Did you take the time to read what you just posted? Do you really think Apple had a short supply of iPads less then a week ago LOL!!!! It's all part of the marketing, stop being an iSheep and start being a Freethinker!!!!
 
Did you take the time to read what you just posted? Do you really think Apple had a short supply of iPads less then a week ago LOL!!!! It's all part of the marketing, stop being an iSheep and start being a Freethinker!!!!


So, they had the supply, but just sat on it instead of selling it? Freethinker? Sounds more like nothinker.

Answer the question, demand has simply disappeared?
 
So many arguments amongst nerds, the tech savy, and Apple fans alike. Opinions will always exist.

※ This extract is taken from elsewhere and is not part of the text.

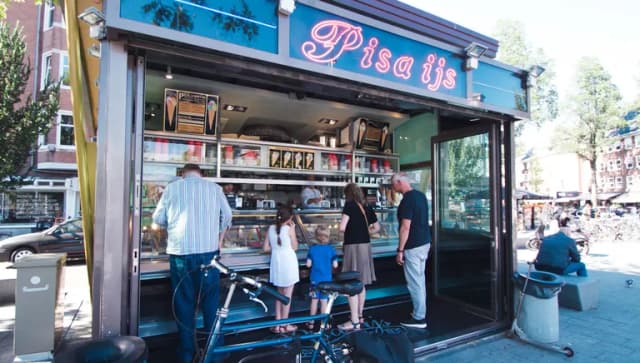 People buying ice cream at Pisa Ijs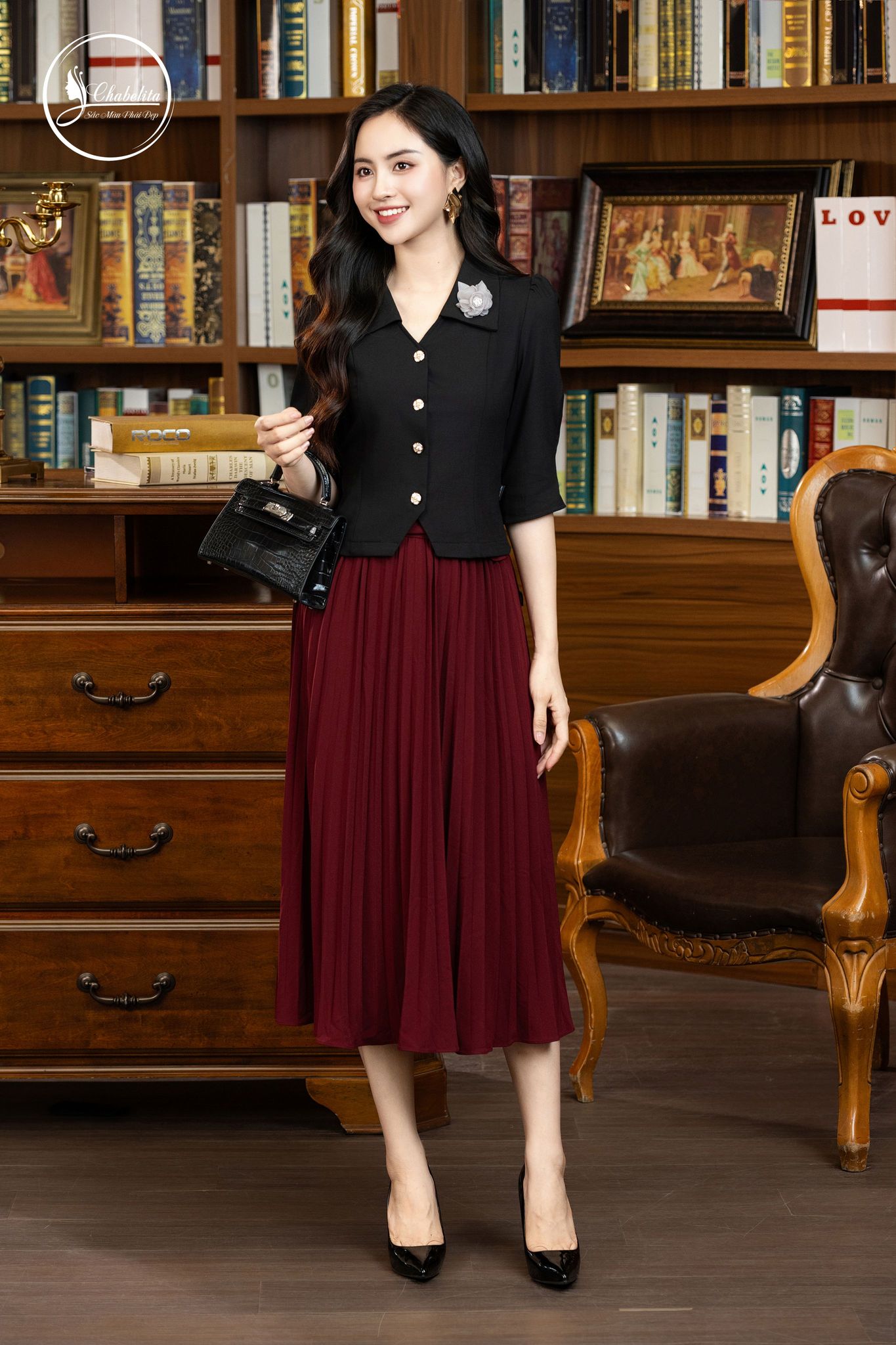 Áo sơ mi cổ bẻ đính hoa màu đen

Can't we all just love each other? :eek:

And find mutual ground for why (most) of us are on this site? : :apple:
ROTFLMAO!!
Caught up to demand? More like demand has dropped.

Completely agree! That is just what I was thinking.

My thoughts exactly!!!!!!
Depends on what you mean. Of course demand has dropped. But some are implying demand went from "many" to "zero" in a day.

Supply is probably fairly constant right now, meaning daily shipments.
Demand is an ever-diminishing curve.
The relationship of the two is not static.
 
As an aside I took my iPad back for a refund - it had one dead pixel, one stuck green pixel and light leakage down the left side. None of this was drastic and I could have lived with it but for £560 I expect this glorified netbook to be perfect considering I could have bought a pretty powerful PC for the same money. The lady at the store said Apple have to verify all returns before they will accept a refund but when she punched it into the system it had a new note saying "Apple no longer require fault verification on iPads for return". Seems this QC issue must be quite a biggie. Are Apple slipping as they become more mass-market? Victims of their own success or just a blip? Hmm. I'll be buying another as soon as I can but I wonder if the quality will be better - no-one else noticed the problems I did but not everyone is as picky - fingers crossed!

I don't understand how you conclude that there is a quality control issue. Accepting returns without checking for faults would indicate to me that they don't get too many returns.